## WORK INSTRUCTIONS
Below are some records. Write out exactly their lines from the one with "某公司承建一座市政桥梁工程，桥梁上部结构为10孔30m后张法" through the one with "Atka Pass tide", and leave the pictures behind.

## SOURCE INFORMATION
****************

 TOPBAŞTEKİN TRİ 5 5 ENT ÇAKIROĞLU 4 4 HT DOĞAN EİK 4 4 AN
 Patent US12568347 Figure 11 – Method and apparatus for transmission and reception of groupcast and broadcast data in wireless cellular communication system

****************

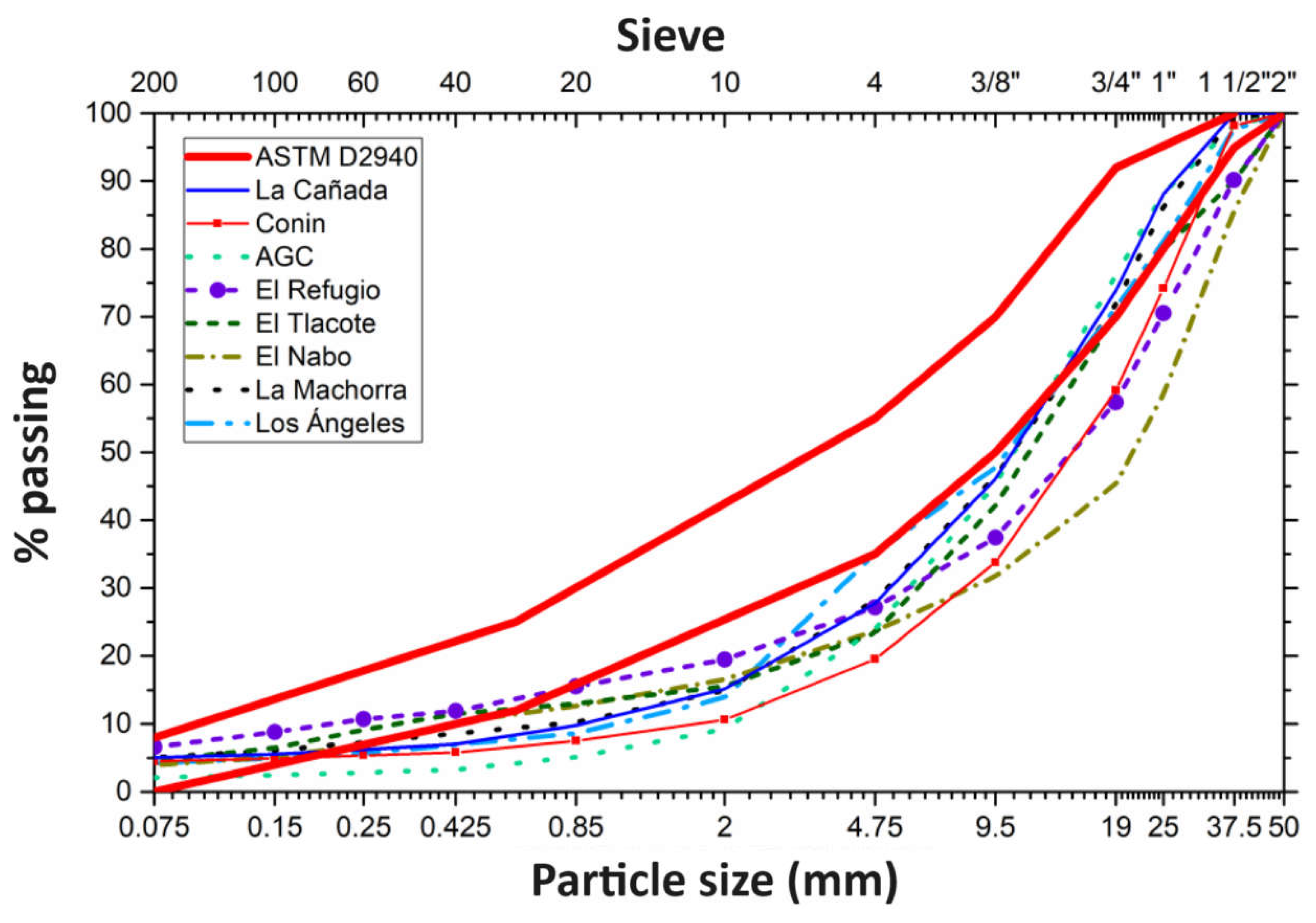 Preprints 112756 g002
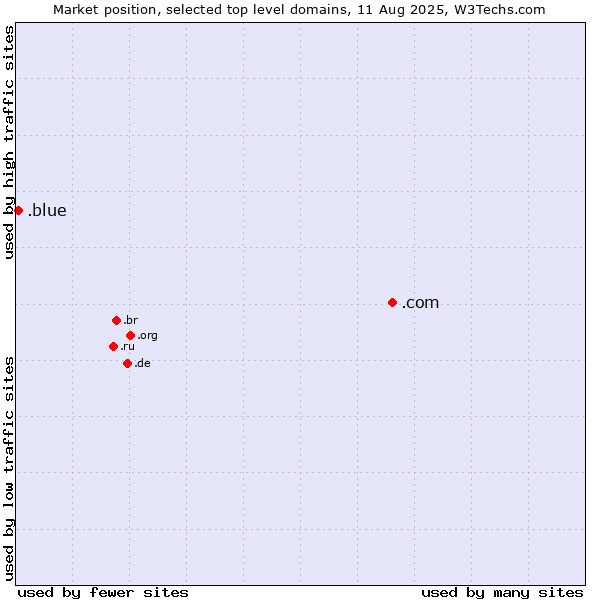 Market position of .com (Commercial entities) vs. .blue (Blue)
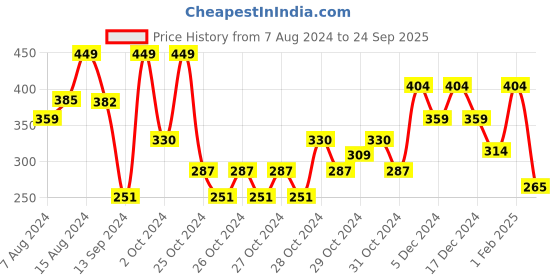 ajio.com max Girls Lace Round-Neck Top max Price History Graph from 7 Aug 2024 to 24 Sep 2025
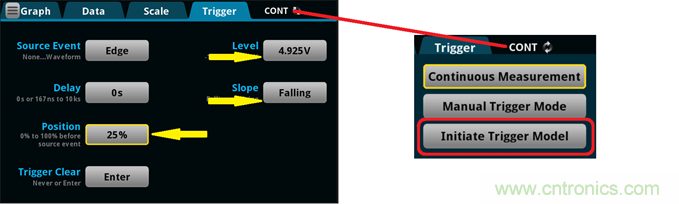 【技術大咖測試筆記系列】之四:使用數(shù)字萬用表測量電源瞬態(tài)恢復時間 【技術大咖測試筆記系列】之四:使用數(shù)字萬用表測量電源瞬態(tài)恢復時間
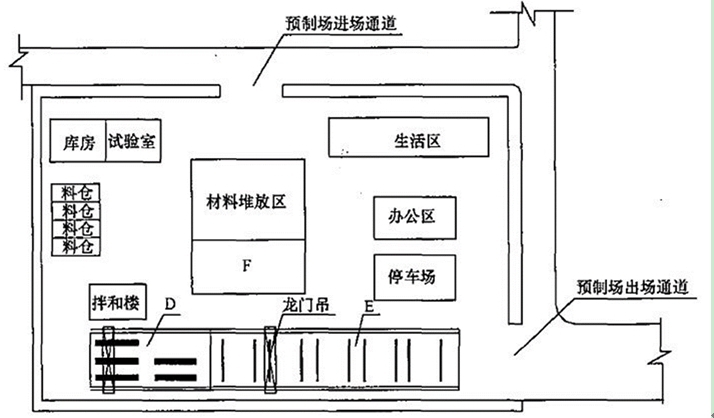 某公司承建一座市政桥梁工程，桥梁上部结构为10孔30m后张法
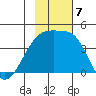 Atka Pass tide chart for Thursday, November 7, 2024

****************

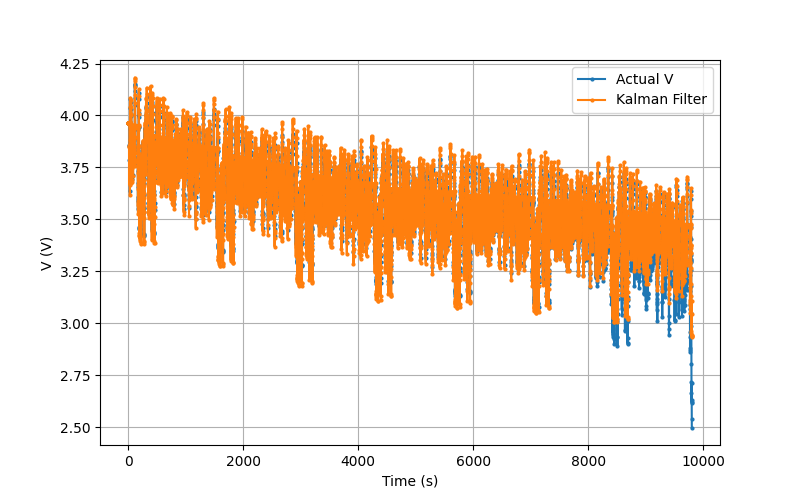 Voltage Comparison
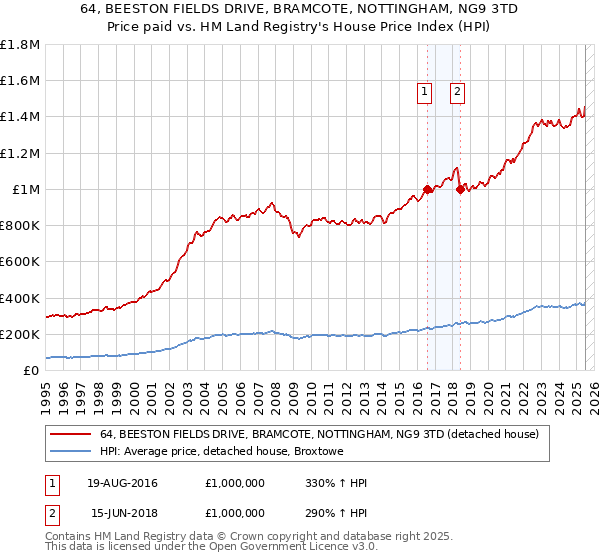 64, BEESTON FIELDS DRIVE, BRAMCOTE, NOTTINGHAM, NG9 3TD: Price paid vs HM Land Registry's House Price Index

****************

## ANSWER FOR THE TASK
 某公司承建一座市政桥梁工程，桥梁上部结构为10孔30m后张法
 Atka Pass tide chart for Thursday, November 7, 2024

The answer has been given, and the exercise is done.